== WHAT IS BEING ASKED ==
Print out each entry below in full, exactly as given, excluding pictures.

== DATA FOR THE TASK ==
_ _ _
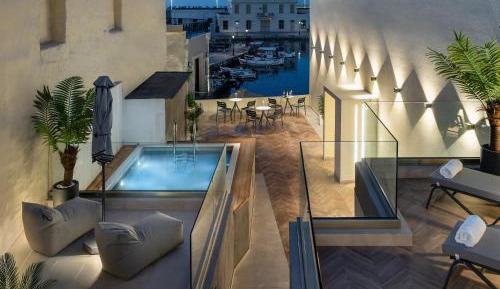 Deluxe Suite with Spa and Sea View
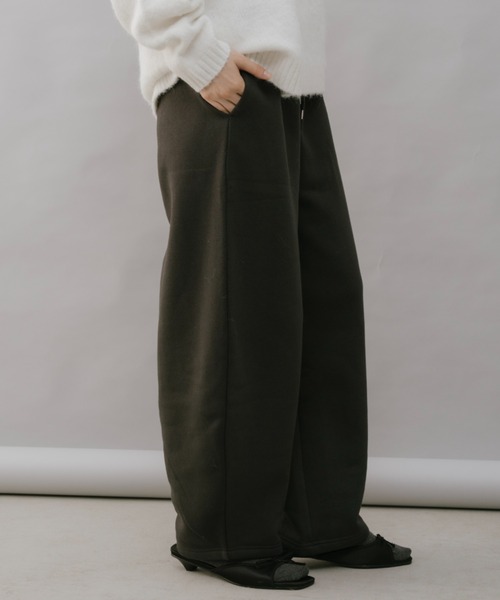 duei（デュイ）の「裏起毛カーブスウェットパンツ（スウェットパンツ・レディース・チャコールグレー/グレー・FREE）」の22枚目の写真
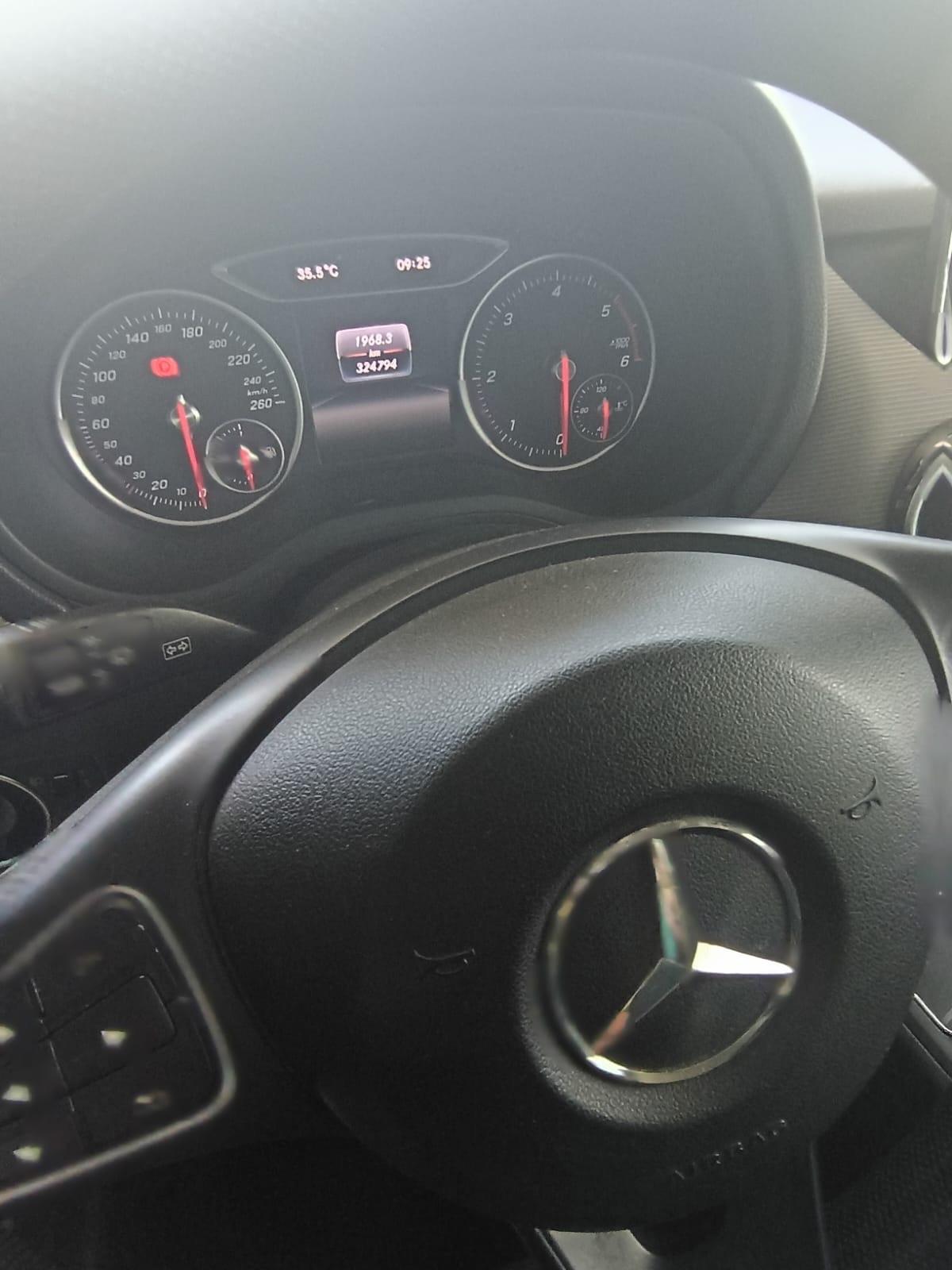 Mercedes-benz B 180 d Premium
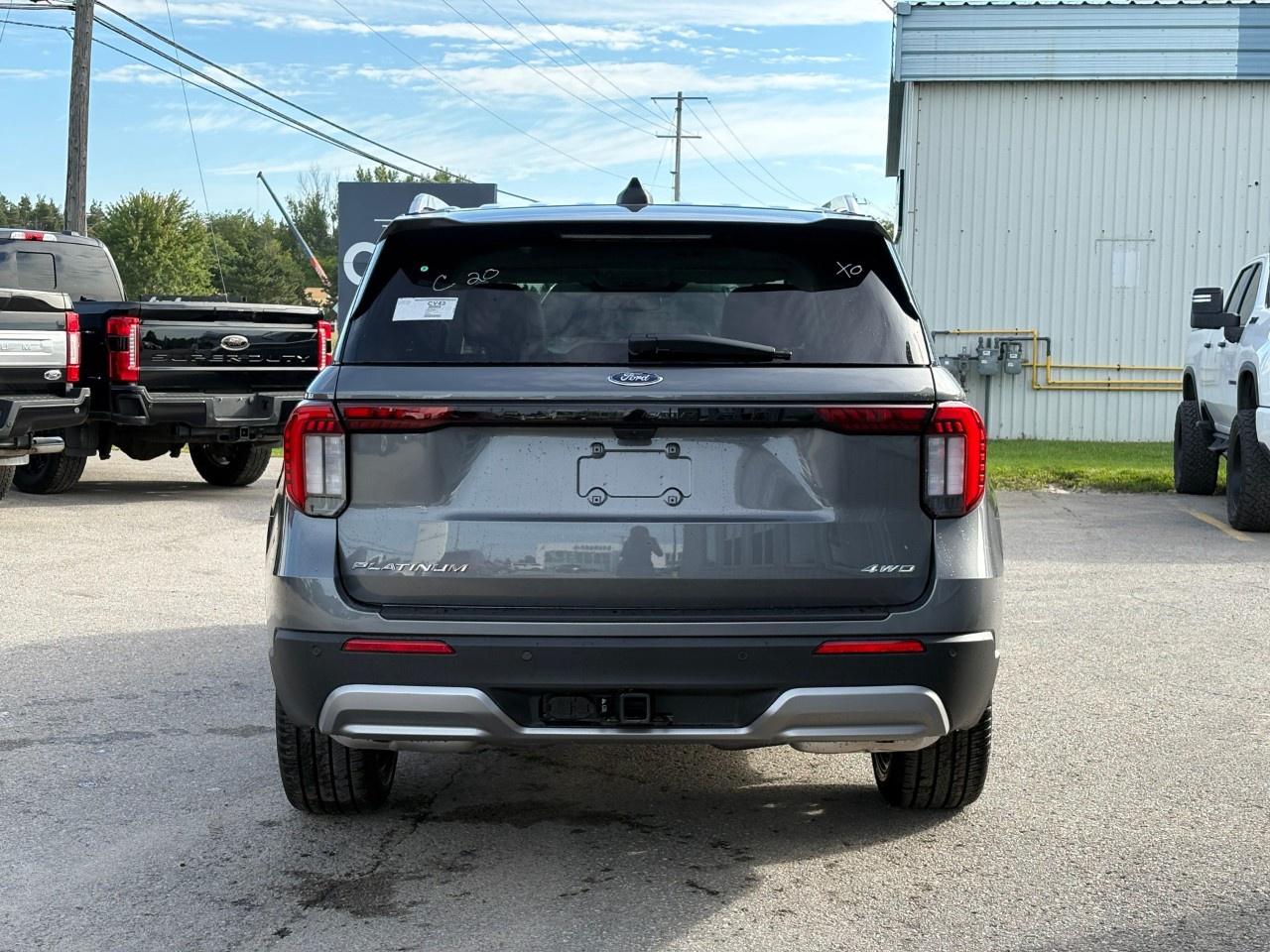 2026 Ford Explorer Platinum 4WD Photo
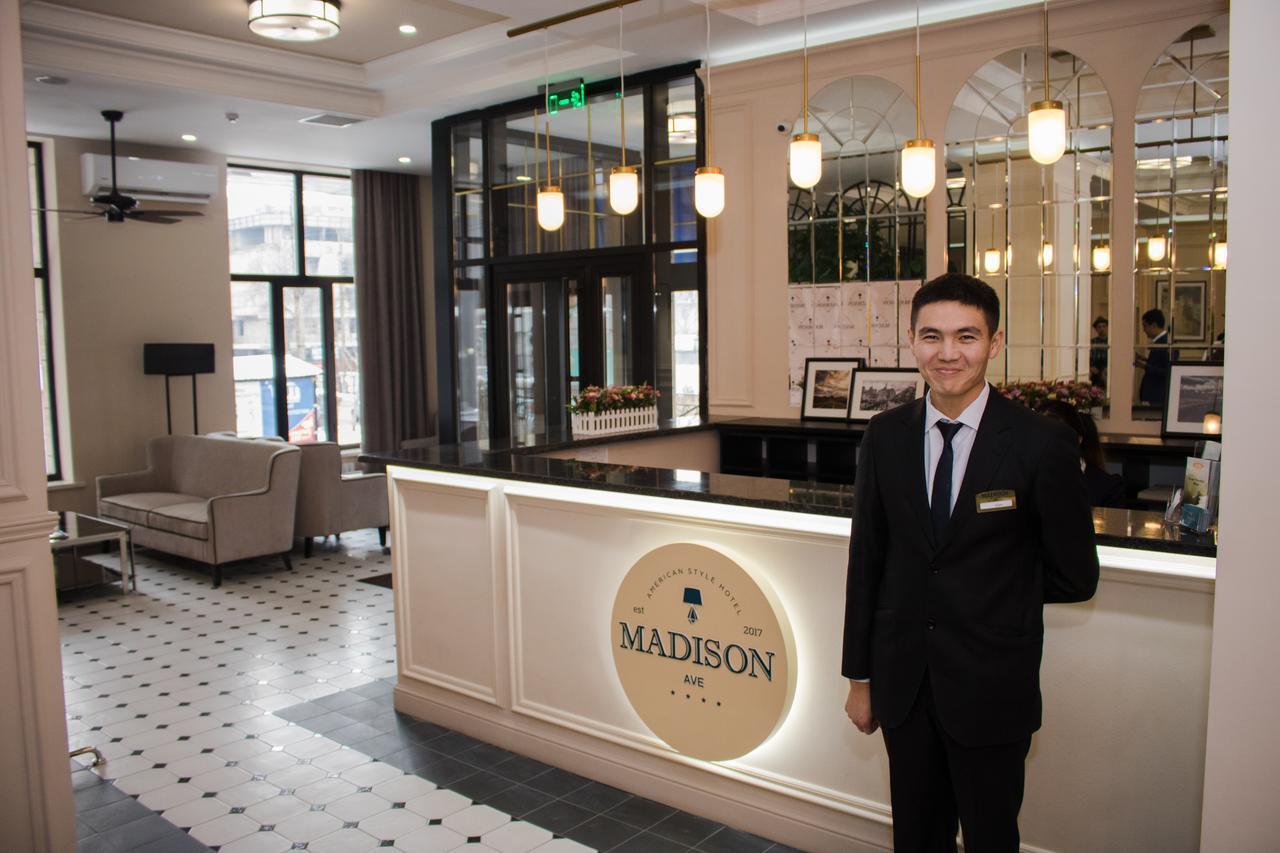 Madison Ave Hotel Bishkek Exterior foto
_ _ _
== SOLVED EXERCISE ==
 Deluxe Suite with Spa and Sea View
 duei（デュイ）の「裏起毛カーブスウェットパンツ（スウェットパンツ・レディース・チャコールグレー/グレー・FREE）」の22枚目の写真
 Mercedes-benz B 180 d Premium
 2026 Ford Explorer Platinum 4WD Photo
 Madison Ave Hotel Bishkek Exterior foto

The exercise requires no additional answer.